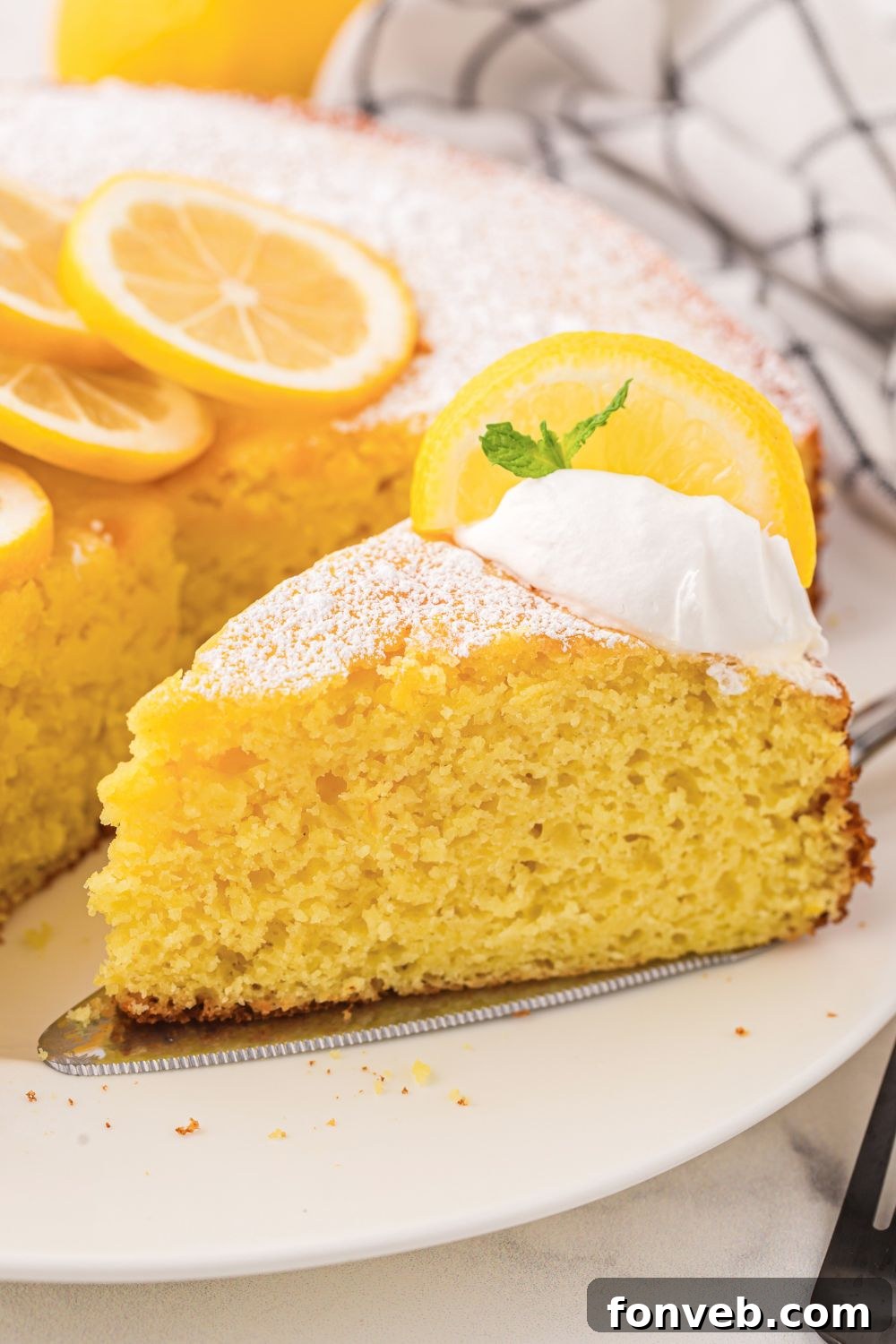 Italian Lemon Ricotta Cake on plate with a slice taken out of it 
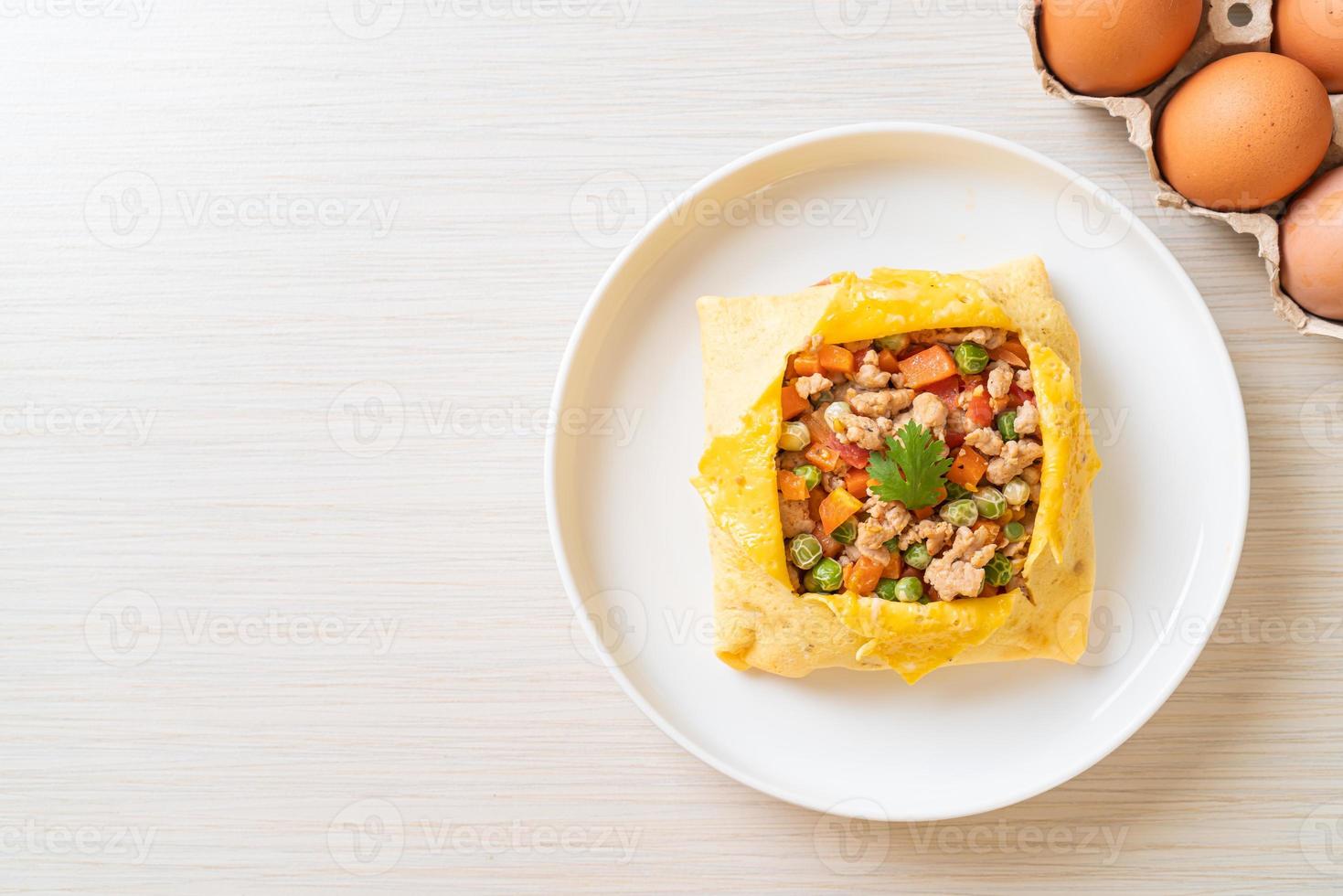 Eierwickel oder gefülltes Ei mit Hackfleisch, Karotten, Tomaten und grünen Erbsen foto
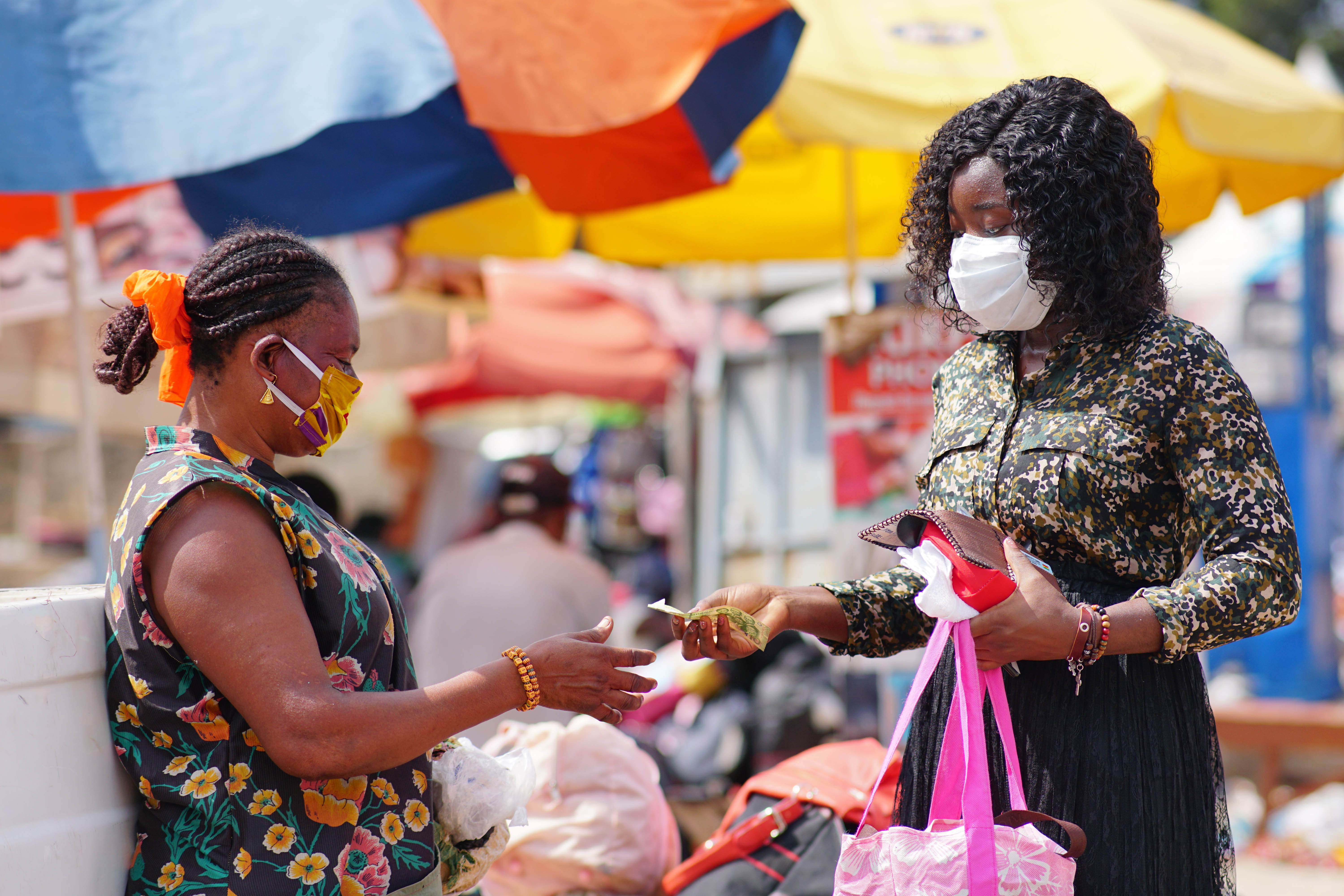 Young black woman paying money to a vendor for a purchased item in the market. Two women wearing locally made mask and surgical mask on the street.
━━━━━━━━━━
## What to produce
Return the full listing above verbatim, please, but without its images.

## The answer
 Italian Lemon Ricotta Cake on plate with a slice taken out of it 
 Eierwickel oder gefülltes Ei mit Hackfleisch, Karotten, Tomaten und grünen Erbsen foto
 Young black woman paying money to a vendor for a purchased item in the market. Two women wearing locally made mask and surgical mask on the street.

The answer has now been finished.